Plauger, size_t and ptrdiff_t

R

robertwessel2

In another thread, a poster mentioned the Posix ssize_t definition
(signed version of size_t). My initial reaction was to wonder what the
point of the Posix definition was when ptrdiff_t was already defined as
such.

I got the idea that ptrdiff_t had to be the same size as size_t from
Plauger's "The Standard C Library," where he states "... It is always
the signed type that has the same number of bits as the4 unsigned type
chosen for size_t..." This language would not rule out one being int
and the other long so long as sizeof(int)==sizeof(long) for the
implementation.

Now I can't see anywhere in the standard that would require that, at
least not directly, and it seems that a size_t of unsigned int and a
prtdiff_t of long (where int and long are different sizes) would be
possible.
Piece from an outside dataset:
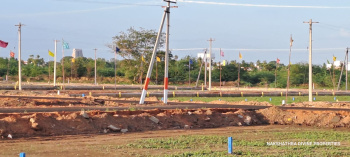  Residential Plot for Sale in Kambarasampettai, Tiruchirappalli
C99 defines SIZE_MAX as being at least 65535, and
PTRDIFF_MIN/MAX as being at least -/+65535.

So do size_t and ptrdiff_t have to be the same size (or base type) or
not?
 
M

Michael Mair

In another thread, a poster mentioned the Posix ssize_t definition
(signed version of size_t). My initial reaction was to wonder what the
point of the Posix definition was when ptrdiff_t was already defined as
such.

I got the idea that ptrdiff_t had to be the same size as size_t from
Plauger's "The Standard C Library," where he states "... It is always
the signed type that has the same number of bits as the4 unsigned type
chosen for size_t..." This language would not rule out one being int
and the other long so long as sizeof(int)==sizeof(long) for the
implementation.

Now I can't see anywhere in the standard that would require that, at
least not directly, and it seems that a size_t of unsigned int and a
prtdiff_t of long (where int and long are different sizes) would be
possible. C99 defines SIZE_MAX as being at least 65535, and
PTRDIFF_MIN/MAX as being at least -/+65535.
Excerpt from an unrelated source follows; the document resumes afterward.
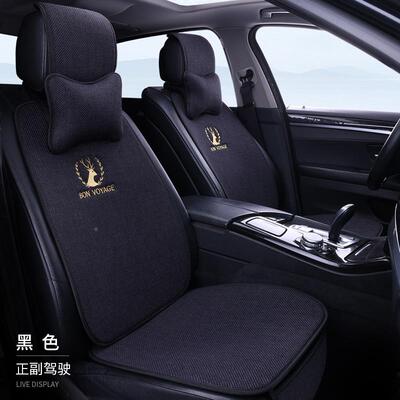 汽车吸坐垫季通用棉麻WEH亚一麻布艺四汗透气防滑连体后排体靠背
So do size_t and ptrdiff_t have to be the same size (or base type) or
not?

They don't. For most implementations, the stated connection
will hold.
size_t, ssize_t and ptrdiff_t are typedefed for their respective
_roles_ as well as for abstraction.

Cheers
Michael
 
K

Keith Thompson

In another thread, a poster mentioned the Posix ssize_t definition
(signed version of size_t). My initial reaction was to wonder what the
point of the Posix definition was when ptrdiff_t was already defined as
such.

I got the idea that ptrdiff_t had to be the same size as size_t from
Plauger's "The Standard C Library," where he states "... It is always
the signed type that has the same number of bits as the4 unsigned type
chosen for size_t..." This language would not rule out one being int
and the other long so long as sizeof(int)==sizeof(long) for the
implementation.

Now I can't see anywhere in the standard that would require that, at
least not directly, and it seems that a size_t of unsigned int and a
prtdiff_t of long (where int and long are different sizes) would be
possible. C99 defines SIZE_MAX as being at least 65535, and
PTRDIFF_MIN/MAX as being at least -/+65535.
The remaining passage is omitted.